High and flinty, with a bone-deep coal-country drawl that refused to fade even as she ascended to a queenly position in the Nashville star system, her singing sliced through polished arrangements like a sharpened blade. It could embody both the pain of betrayal and the thirst for revenge; it carried a longing for the comforts of home at the same time that it imagined ways to improve on the old days. And though she easily navigated tricky melodies — spare a thought for the countless karaoke DJs who’ve endured the mistreatment of “Louisiana Woman, Mississippi Man” — her delivery was always straightforward: Here’s what happened, and don’t blame me if you can’t handle it. If Lynn, who died Tuesday at age 90, ever learned to soft-pedal an emotion, she never revealed it onstage or in the studio.
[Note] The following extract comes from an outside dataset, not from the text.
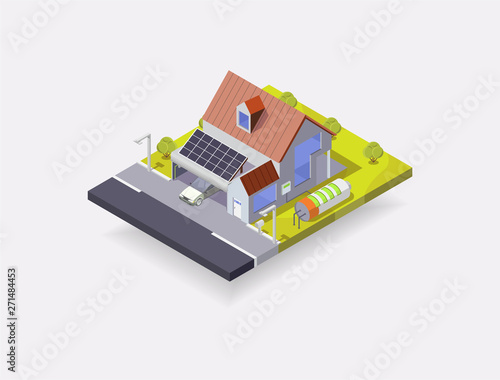 solar house vector isometric illustration, house with battery and solar panels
Indeed, honesty — about love, about motherhood, about the nature of women’s lives in an era of shifting mores — was perhaps the defining quality of Lynn’s half-century-long career as a country singer and songwriter eager to illuminate experiences too often hidden from view.
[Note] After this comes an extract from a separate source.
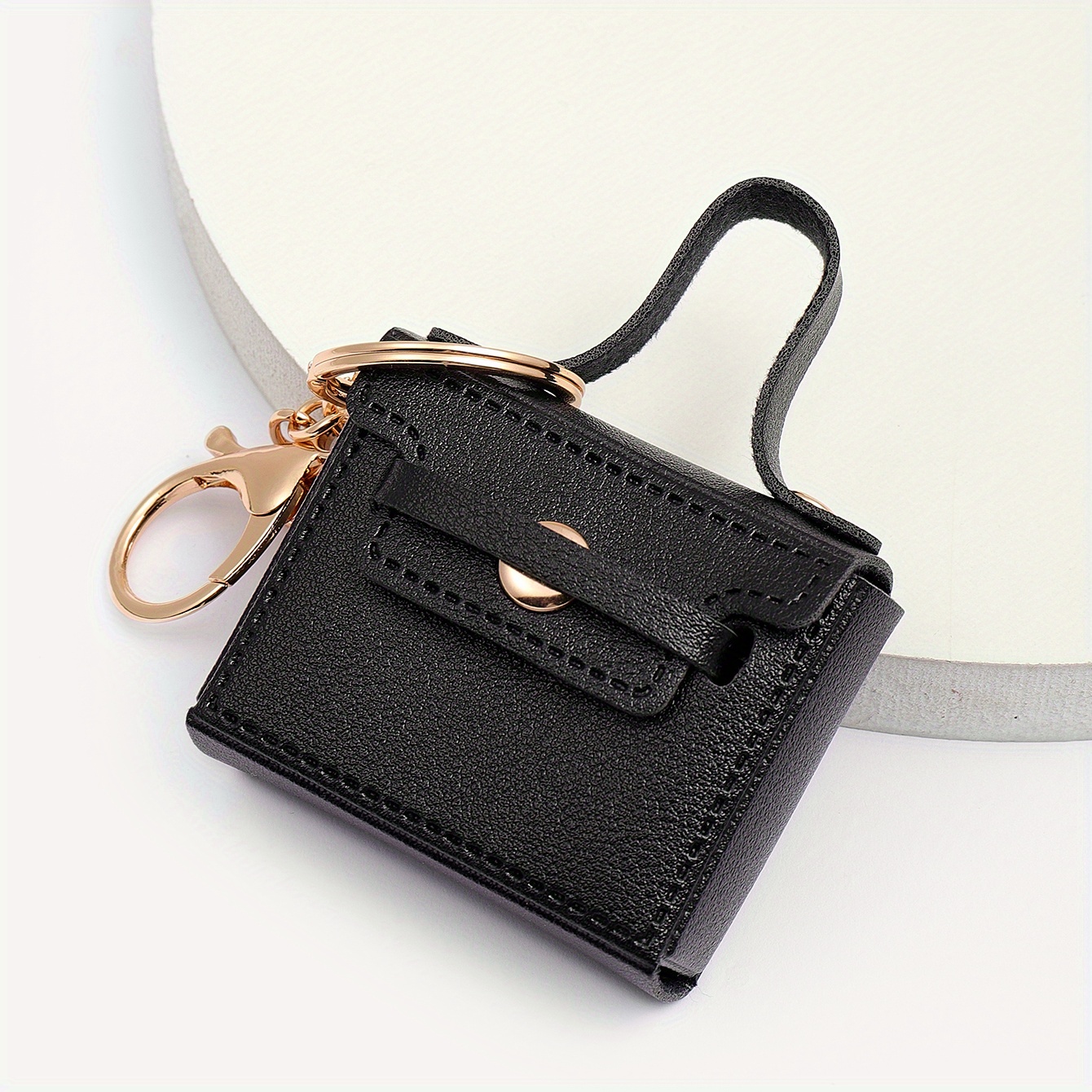 Mini Pu Leather Coin Purse With Keychain, Scarf Decor Earphone Bag,  Lipstick Bag With Snap Button, Car Key Bag Decoration Pendant - Temu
Loretta Lynn was arguably the most important female figure in postwar country music as her music challenged the norm of domestic life in rural America.

Oct. 4, 2022

She pushed back against a husband’s territorialism in “Don’t Come Home A-Drinkin’ (With Lovin’ on Your Mind),” a No. 1 hit — her first of 16 — in 1967. She described the sexual freedom afforded by widely available birth control in “The Pill” and, not coincidentally, the stigma faced by divorced women in the mid-’70s in “Rated X.” Her signature song, “Coal Miner’s Daughter,” rendered her rural upbringing in starkly unembarrassed language — then led to a bestselling memoir and a Hollywood film adaptation starring Sissy Spacek in the Oscar-winning title role.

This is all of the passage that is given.